Watching Ardie Savea pinball through would be tacklers on a rugby pitch, it's easy to appreciate that his big brother Julian played a large part in that physical resilience, employing the natural advantages of a three-year head start in life on his younger sibling.
It stood both in good stead as they went on the play for the All Blacks, Julian a prolific try-scoring wing – he won 54 caps from 2012 to 2017, scoring a staggering 43 tries – while Ardie followed in 2016 and since then the backrow, who can play flanker or number eight with equal facility, has racked up 56 caps (14 tries) and who in August was chosen by coach Ian Foster to lead New Zealand for the first time.
Regular captain Sam Cane was still sidelined through injury, scrumhalf Aaron Smith and secondrow Sam Whitelock, who had deputised in the interim, weren't available so Savea stepped up and led the All Blacks to the Rugby Championship title. He got very emotional when he spoke about what it meant to him, the son of Samoan immigrants.
Family is so important to him, something that he brings up regularly in interviews. Born in the shadow of a rugby stadium in Wellington he played for the local club ‘Ories’ and when his under nines game was finished he’d race across to where his big brother Julian was playing with the under-13s and try and wheedle some game time.

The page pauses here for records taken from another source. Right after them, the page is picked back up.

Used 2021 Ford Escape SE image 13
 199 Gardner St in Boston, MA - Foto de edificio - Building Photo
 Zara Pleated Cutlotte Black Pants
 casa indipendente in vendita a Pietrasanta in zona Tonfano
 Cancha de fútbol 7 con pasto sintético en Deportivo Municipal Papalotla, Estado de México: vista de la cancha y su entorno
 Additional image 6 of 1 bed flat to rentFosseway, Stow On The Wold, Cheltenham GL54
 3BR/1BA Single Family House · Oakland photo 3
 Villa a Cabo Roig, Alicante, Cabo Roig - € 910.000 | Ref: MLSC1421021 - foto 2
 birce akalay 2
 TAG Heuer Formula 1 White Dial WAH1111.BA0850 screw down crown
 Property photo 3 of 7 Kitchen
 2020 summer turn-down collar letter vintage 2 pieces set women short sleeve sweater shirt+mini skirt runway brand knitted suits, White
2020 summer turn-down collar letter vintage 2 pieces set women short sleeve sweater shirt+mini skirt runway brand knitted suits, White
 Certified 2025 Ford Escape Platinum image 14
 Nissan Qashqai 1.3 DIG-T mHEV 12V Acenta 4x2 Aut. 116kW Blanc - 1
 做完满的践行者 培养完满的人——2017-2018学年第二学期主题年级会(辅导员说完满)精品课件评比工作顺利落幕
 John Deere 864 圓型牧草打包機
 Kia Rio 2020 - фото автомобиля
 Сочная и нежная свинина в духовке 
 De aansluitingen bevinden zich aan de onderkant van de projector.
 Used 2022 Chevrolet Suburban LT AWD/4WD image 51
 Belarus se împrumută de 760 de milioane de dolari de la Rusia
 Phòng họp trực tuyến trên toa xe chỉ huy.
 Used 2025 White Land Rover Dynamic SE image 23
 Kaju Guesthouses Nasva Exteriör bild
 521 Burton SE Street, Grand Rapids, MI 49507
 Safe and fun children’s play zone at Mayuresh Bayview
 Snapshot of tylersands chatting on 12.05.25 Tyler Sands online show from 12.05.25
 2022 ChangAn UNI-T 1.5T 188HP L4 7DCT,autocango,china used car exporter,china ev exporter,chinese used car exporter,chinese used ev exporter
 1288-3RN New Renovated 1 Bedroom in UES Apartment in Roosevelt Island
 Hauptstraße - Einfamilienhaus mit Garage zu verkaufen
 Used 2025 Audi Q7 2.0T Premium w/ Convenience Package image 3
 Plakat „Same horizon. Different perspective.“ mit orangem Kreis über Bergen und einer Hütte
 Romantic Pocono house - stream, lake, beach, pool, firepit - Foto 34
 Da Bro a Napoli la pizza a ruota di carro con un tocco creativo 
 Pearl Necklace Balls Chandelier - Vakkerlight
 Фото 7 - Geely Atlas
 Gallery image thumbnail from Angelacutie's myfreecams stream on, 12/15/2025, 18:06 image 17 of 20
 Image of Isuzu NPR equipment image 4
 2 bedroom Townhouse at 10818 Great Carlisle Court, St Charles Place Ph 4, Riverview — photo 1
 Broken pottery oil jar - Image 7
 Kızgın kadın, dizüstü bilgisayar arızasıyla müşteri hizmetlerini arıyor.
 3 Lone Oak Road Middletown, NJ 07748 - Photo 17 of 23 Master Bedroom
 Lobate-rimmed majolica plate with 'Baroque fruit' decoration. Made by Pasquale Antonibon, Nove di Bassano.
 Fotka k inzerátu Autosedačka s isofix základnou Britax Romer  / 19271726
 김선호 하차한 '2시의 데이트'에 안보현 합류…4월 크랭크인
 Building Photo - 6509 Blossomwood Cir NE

Ardie admitted that any time the brothers played in the yard it was he that would end up crying but that toughening process was invaluable as he got older. The other player that made a huge impression was former All Black centre Ma’a Nonu, whom the younger Savea idolised. Nonu would turn up now and again at the rugby club and on one occasion gave Savea a plastic bag full of gear.
It didn’t matter that the jerseys went down to his ankles, Savea wore them anyway. He also recalled a piece of advice that Nonu gave him, in which the iconic All Blacks star stressed the importance of being a positive role model for kids, something he’s strived to do.
Savea was just 18-years-old when he made his provincial debut for Wellington, was 22 when he won a first senior cap against Wales and since then has gone on to captain the Hurricanes in Super Rugby. There was a point briefly, or at least in a couple of interviews in 2020, in which he toyed with the idea of switching to rugby league.
He said at the time: “I thought of rugby league. I thought of giving that a crack or trying to give it a crack. But a massive one for me that I would love to do is play for Samoa. A big part of why I wanted to go to [rugby] league was because I could play for Samoa because of the rules,” he said before going on to mention how much it would mean to his father.
He didn’t follow through, something that has been appreciated by All Blacks supporters. He is an exceptional athlete and a brilliant rugby player. Foster has chosen Whitelock to lead the All Blacks on their northern hemisphere tour despite the presence in the party of Cane and the success with which Savea discharged the role.
It’s not as if New Zealand are short of exceptional backrows but even within that cohort Savea is a player who stands out, his power, leg drive and ability to ride tackles an important component in his team’s attacking blueprint. He is equally conspicuous in defence.
His qualities are well known to the Ireland players, Savea putting in an outstanding performance in New Zealand’s 46-14 World Cup quarter-final victory over Ireland in Japan. They’ll have to keep him a great deal quieter at the Aviva stadium on Saturday week.